Semyon Varlamov kept the Colorado Avalanche in the game long enough Wednesday for David Jones to find a way to win it and spoil the return of St. Louis Blues goaltender Jaroslav Halak
These days, being busy is simply all in a night's work for Varlamov.
The young goaltender stopped 33 shots and Jones scored at 4:43 of overtime, leading the Avalanche to a 1-0 win over the Blues on in front of a smattering of boisterous fans that braved a winter storm.
Matt Hunwick set up the winning goal by bringing the puck into the zone and passing it over to Jones, who sent a wrist shot past Halak that appeared to deflect off the stick of Blues defenseman Kevin Shattenkirk.
"I placed it well enough to beat (him)," said Jones, who scored his sixth career OT goal.
Halak thought the puck deflected off Shattenkirk, leading to the crazy carom that got by him.
"It was a deflection," Halak said. "Changed direction on me."
The Blues fell to 1-6-2 in their last nine games in Colorado.
Halak stopped 19 shots in his first appearance since coming off injured reserve earlier this month with a strained groin. He got the start with rookie Jake Allen going 3-1 the previous four gamesnight before and Brian Elliott struggling.
"It's always great to be back, back on the ice and playing games and being around the team," Halak said. "Obviously, I'm not happy with the result."
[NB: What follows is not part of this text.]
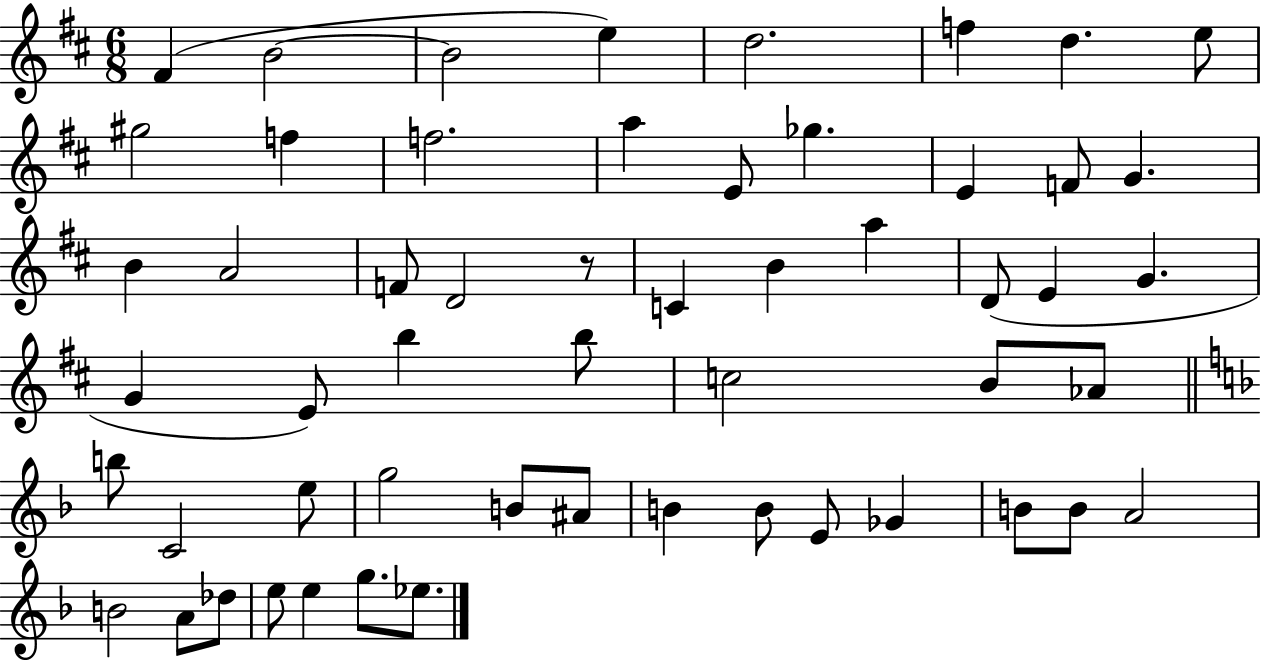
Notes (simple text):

F#4/q B4/h B4/h E5/q D5/h. F5/q D5/q. E5/e G#5/h F5/q F5/h. A5/q E4/e Gb5/q. E4/q F4/e G4/q. B4/q A4/h F4/e D4/h R/e C4/q B4/q A5/q D4/e E4/q G4/q. G4/q E4/e B5/q B5/e C5/h B4/e Ab4/e B5/e C4/h E5/e G5/h B4/e A#4/e B4/q B4/e E4/e Gb4/q B4/e B4/e A4/h B4/h A4/e Db5/e E5/e E5/q G5/e. Eb5/e.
Neither was Blues coach Ken Hitchcock.
"We had all kinds of chances and we didn't finish around the net," Hitchcock said. "Left the game out there and they made us pay."
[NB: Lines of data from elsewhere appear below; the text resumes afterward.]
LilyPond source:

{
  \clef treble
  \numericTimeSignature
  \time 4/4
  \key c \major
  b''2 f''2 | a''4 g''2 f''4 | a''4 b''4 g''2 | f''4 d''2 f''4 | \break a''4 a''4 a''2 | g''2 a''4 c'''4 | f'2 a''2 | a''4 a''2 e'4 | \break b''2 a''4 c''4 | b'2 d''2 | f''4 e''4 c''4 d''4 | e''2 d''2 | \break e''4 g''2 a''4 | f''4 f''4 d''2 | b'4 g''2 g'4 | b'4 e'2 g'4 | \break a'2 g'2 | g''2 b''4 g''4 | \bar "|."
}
The Blues have had quite an arduous traveling adventure of late. The team recently spent 14 hours stranded in Vancouver due to plane trouble, only to arrive back in St. Louis at 6:30 a.m. on Tuesday. That night, the Blues dropped a 2-1 decision to San Jose.
But they showed no signs of fatigue against Colorado, controlling the pace of play for most of the game.
St. Louis was scheduled to leave town after the game. Weather forecasters were expecting the Denver area to receive around eight inches of snow.
Try as he might, though, Varlamov just couldn't pick out a save that stood out.
To him, they were all solid as he posted his second shoutout of the season.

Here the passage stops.